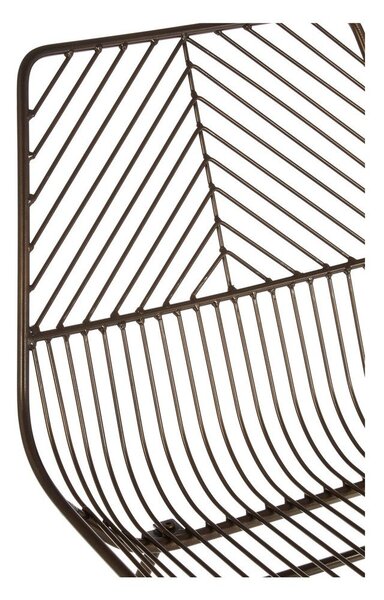 Metalowe krzesło w kolorze brązu District – Premier Housewares
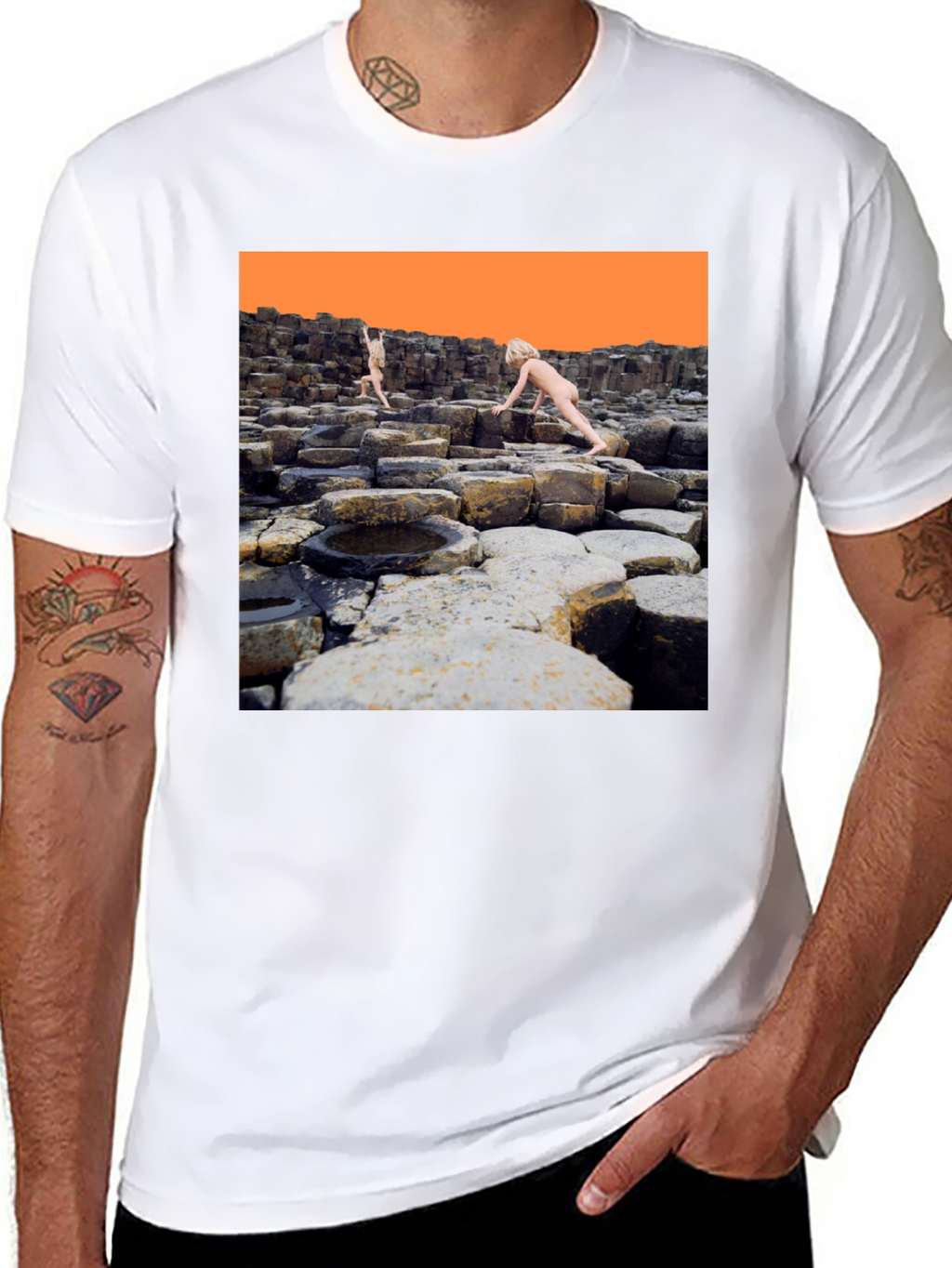 Hexagon Rock Climbers Graphic Tee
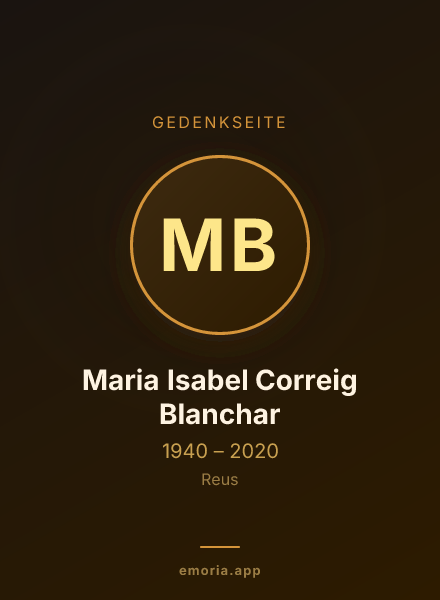 Gedenkportrait von Maria Isabel Correig Blanchar
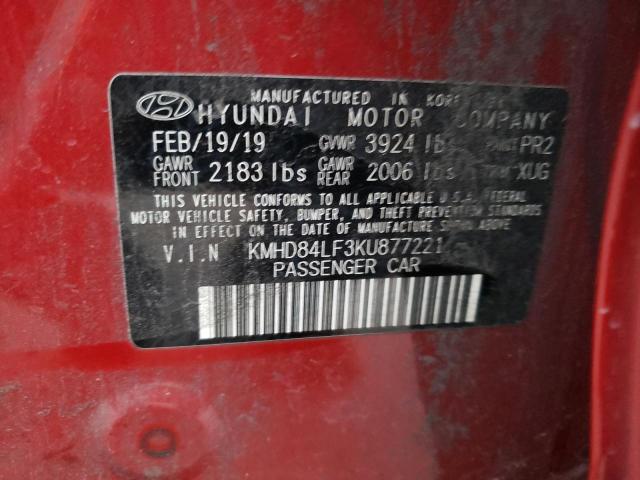 Photo 11 VIN: KMHD84LF3KU877221 - HYUNDAI ELANTRA SE 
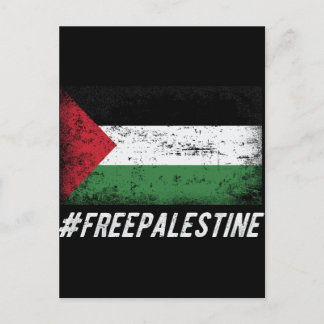 Vrije Palestina Stand met Palestina Briefkaart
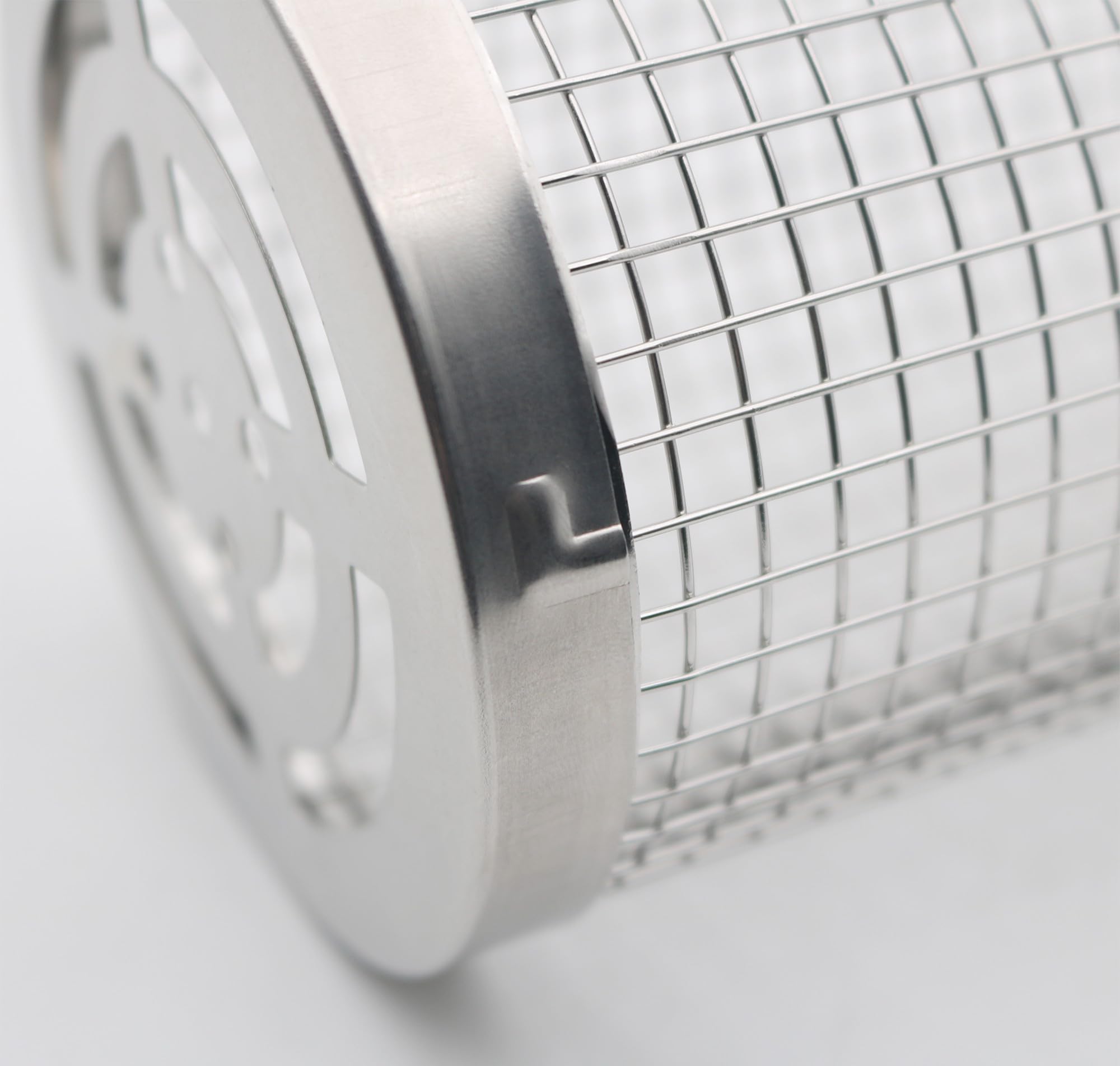 Cesta de Parrilla Giratoria con Mango de Madera - - Imagen 6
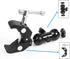 WANBY 1/4" 3/8" Double Ballhead Magic Arm Camera Clamp Mount Monitor Mount Bracket with Super Clamp with and Thread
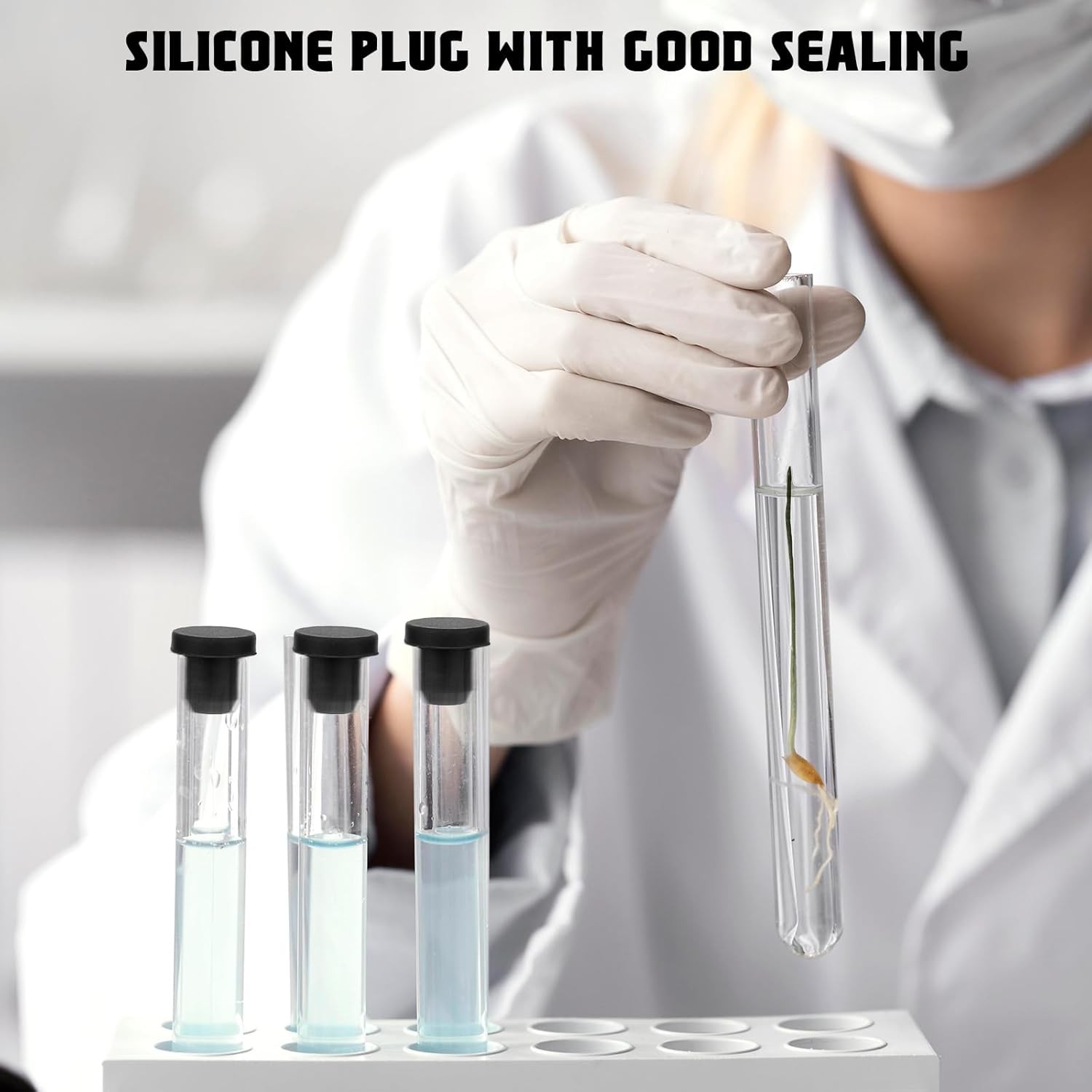 Silicone Hole Plugs Assorted Sizes 80 Pcs Black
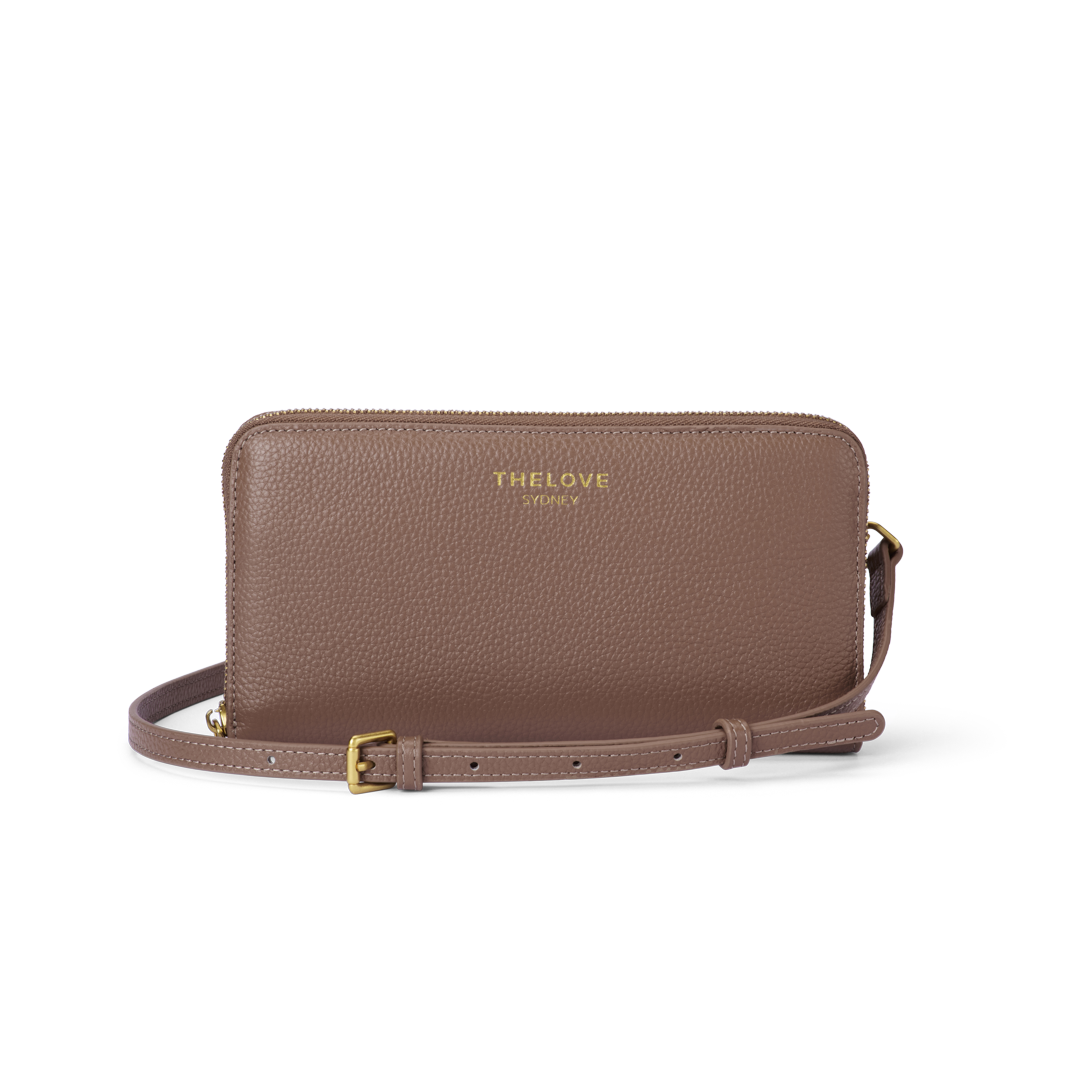 Mobile Cross Body Bag - Coffee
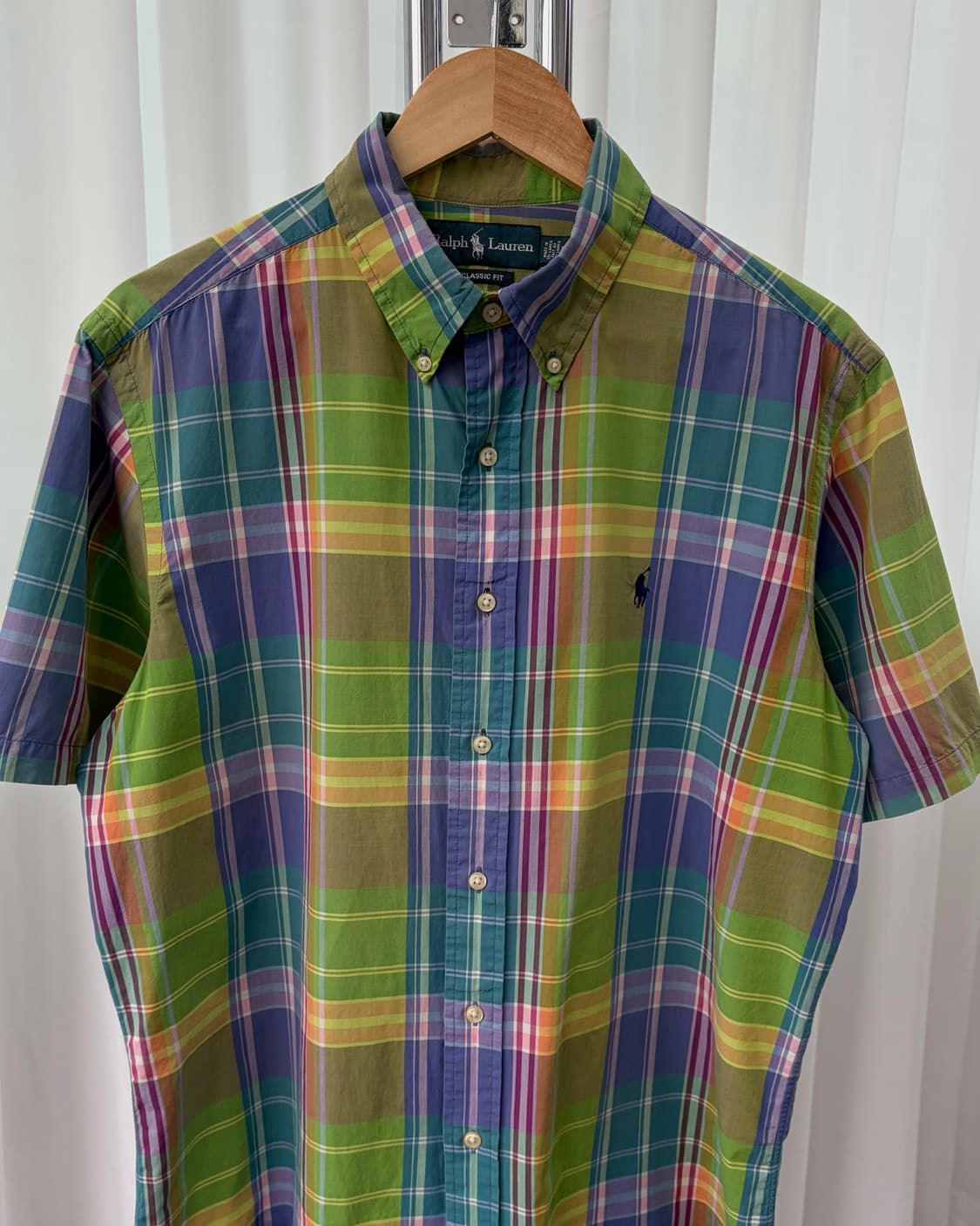 [L]폴로 랄프로렌 클래식핏 마드라스 반팔 셔츠 상품이미지4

### Task instructions
Ignoring the pictures, write out word for word the lines from the line containing "Vrije Palestina Stand" through the end of the material above.

### Answer to the problem
 Vrije Palestina Stand met Palestina Briefkaart
 Cesta de Parrilla Giratoria con Mango de Madera - - Imagen 6
 WANBY 1/4" 3/8" Double Ballhead Magic Arm Camera Clamp Mount Monitor Mount Bracket with Super Clamp with and Thread
 Silicone Hole Plugs Assorted Sizes 80 Pcs Black
 Mobile Cross Body Bag - Coffee
 [L]폴로 랄프로렌 클래식핏 마드라스 반팔 셔츠 상품이미지4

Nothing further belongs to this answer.